_STORED DATA_
------
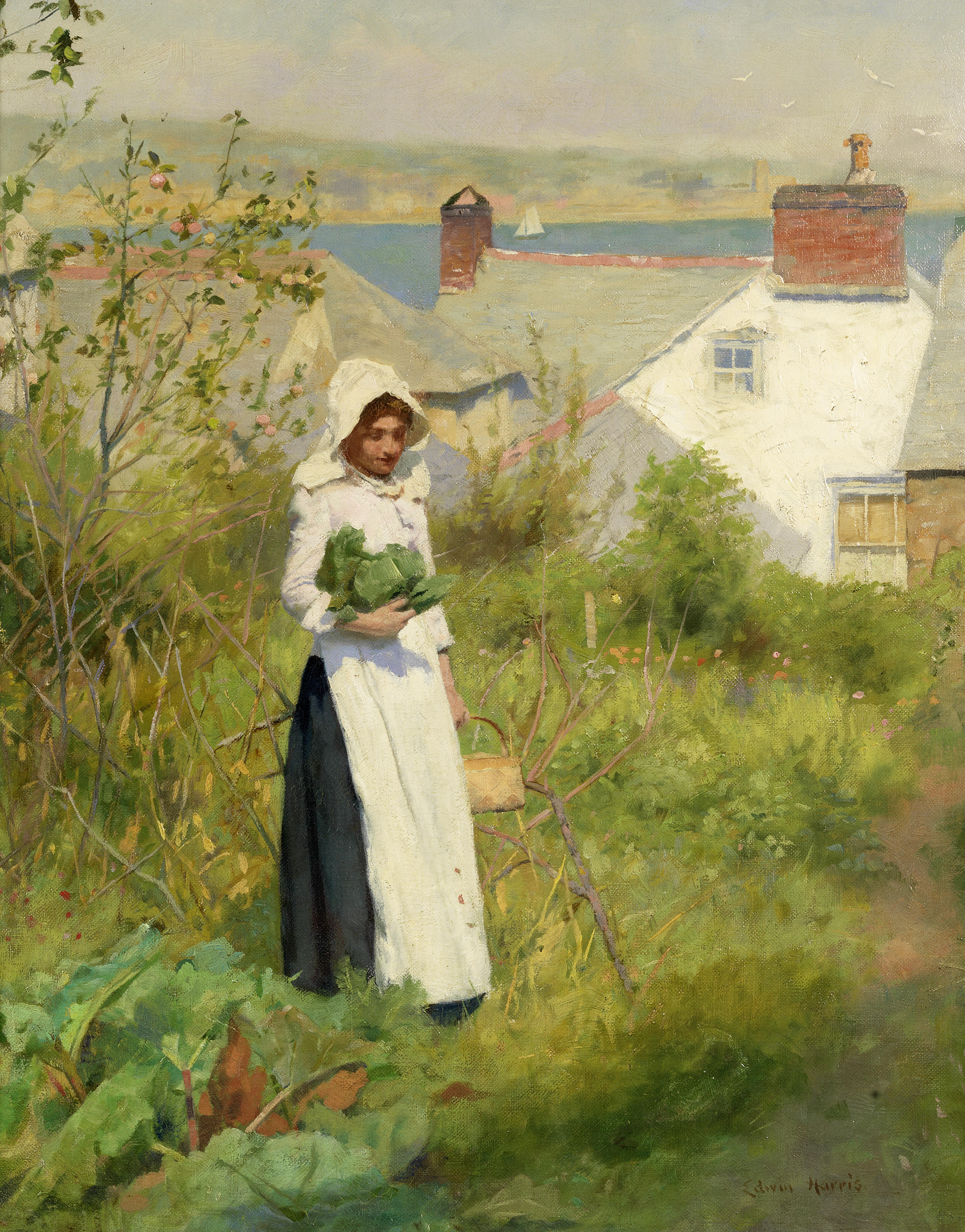 Edwin Harris A Cornish cottage garden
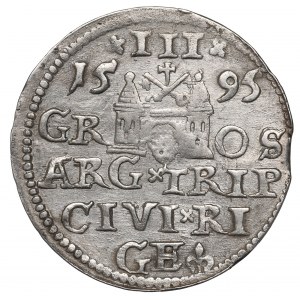 Sigismund III, 3 groschen 1595, Riga
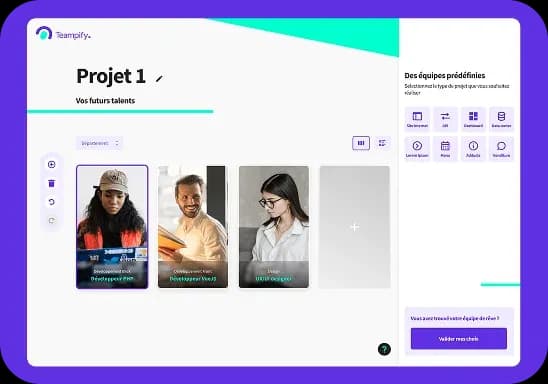 Teampify project dashboard
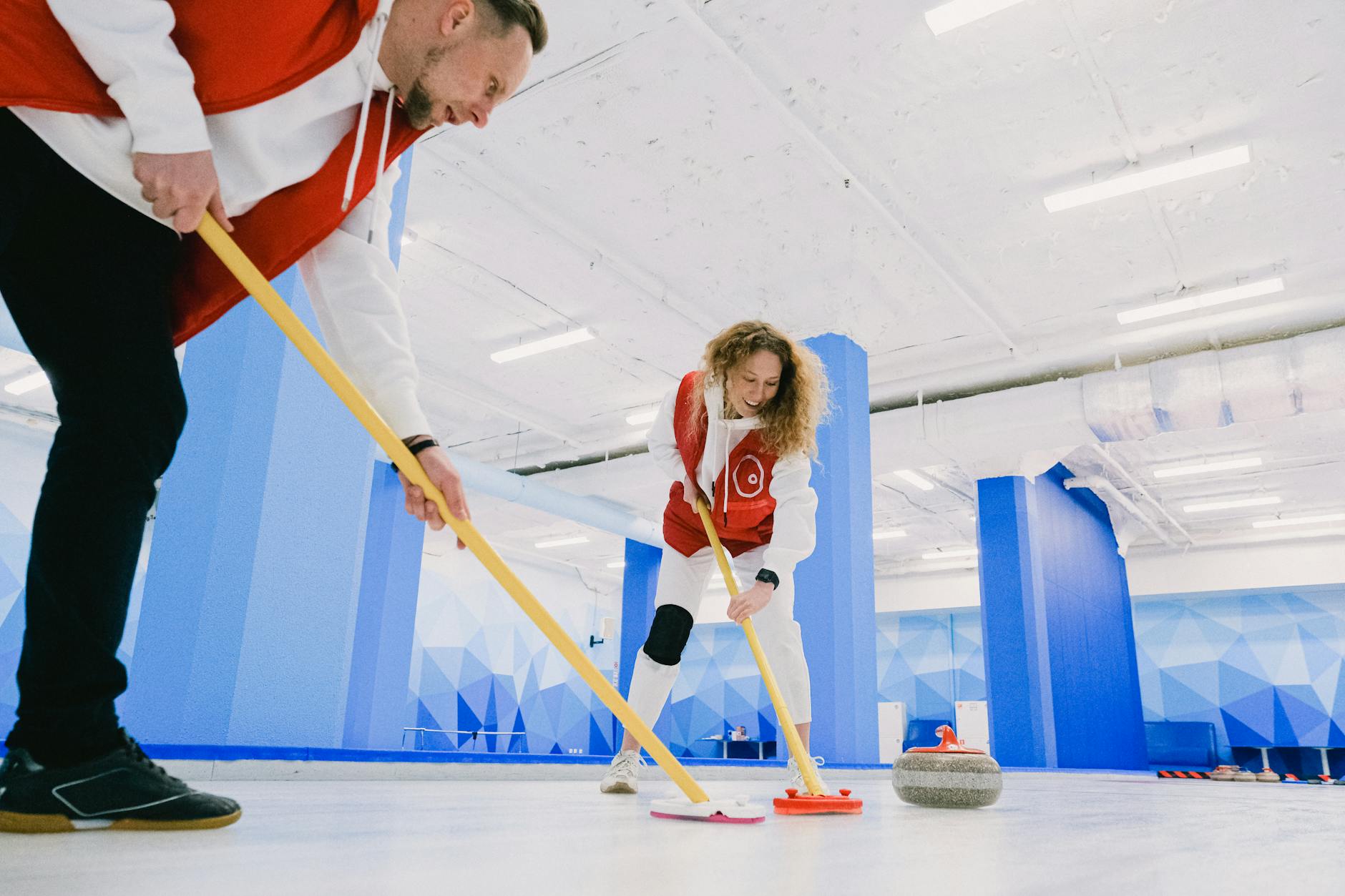 Illustration zu Mixed Curling Olympia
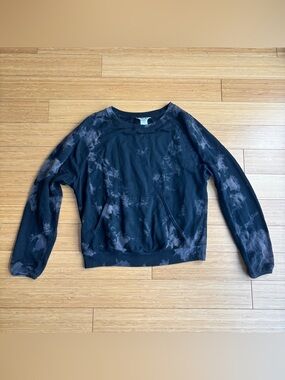 Hard Tail yoga vintage tie dye slouchy sweater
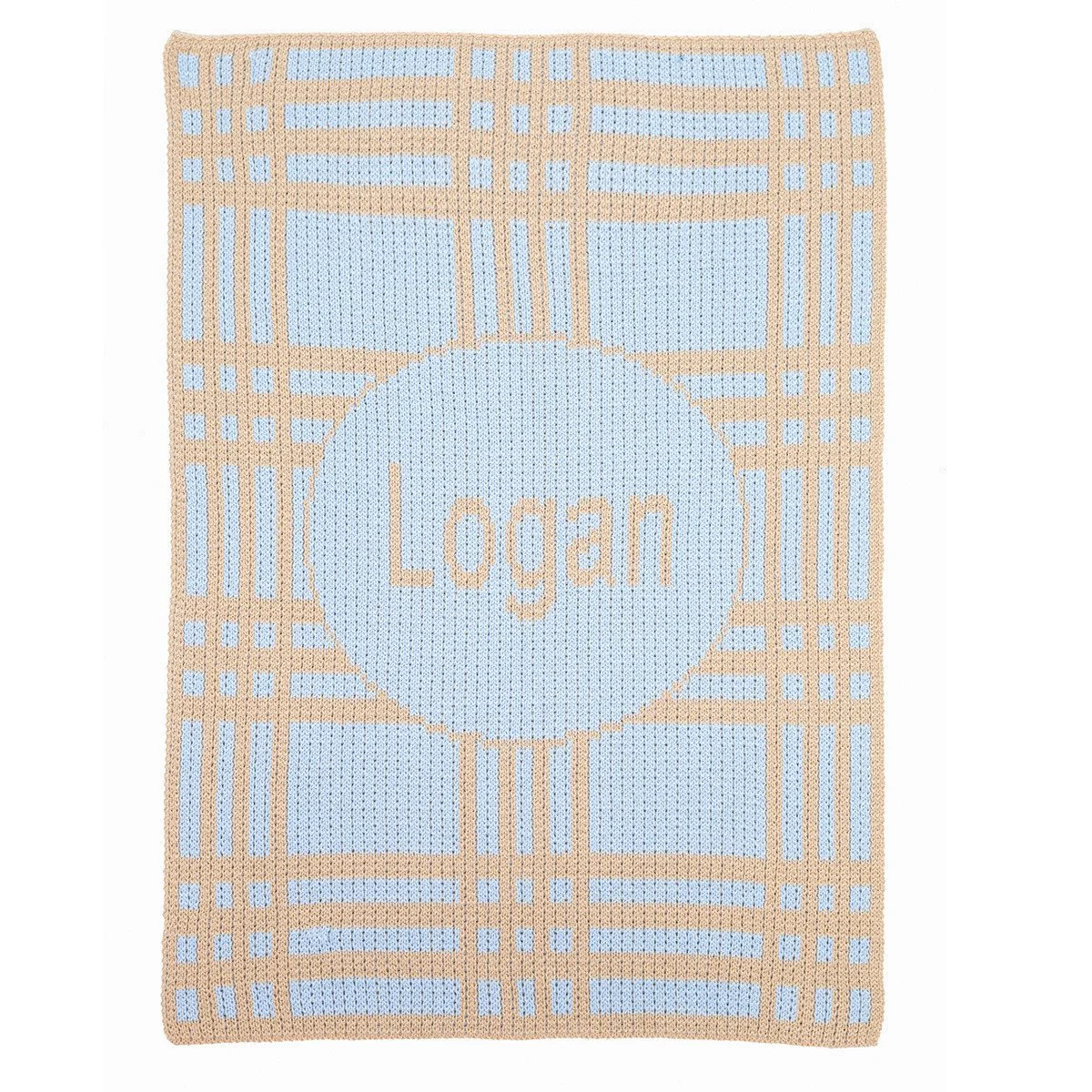 Crazy for Plaid Personalized Stroller Blanket or Baby Blanket - Image 3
------
_WORK REQUIRED_
Where the data contains images, drop them and print the rest exactly.

_OUTPUT FOR THIS TASK_
 Edwin Harris A Cornish cottage garden
 Sigismund III, 3 groschen 1595, Riga
 Teampify project dashboard
 Illustration zu Mixed Curling Olympia
 Hard Tail yoga vintage tie dye slouchy sweater
 Crazy for Plaid Personalized Stroller Blanket or Baby Blanket - Image 3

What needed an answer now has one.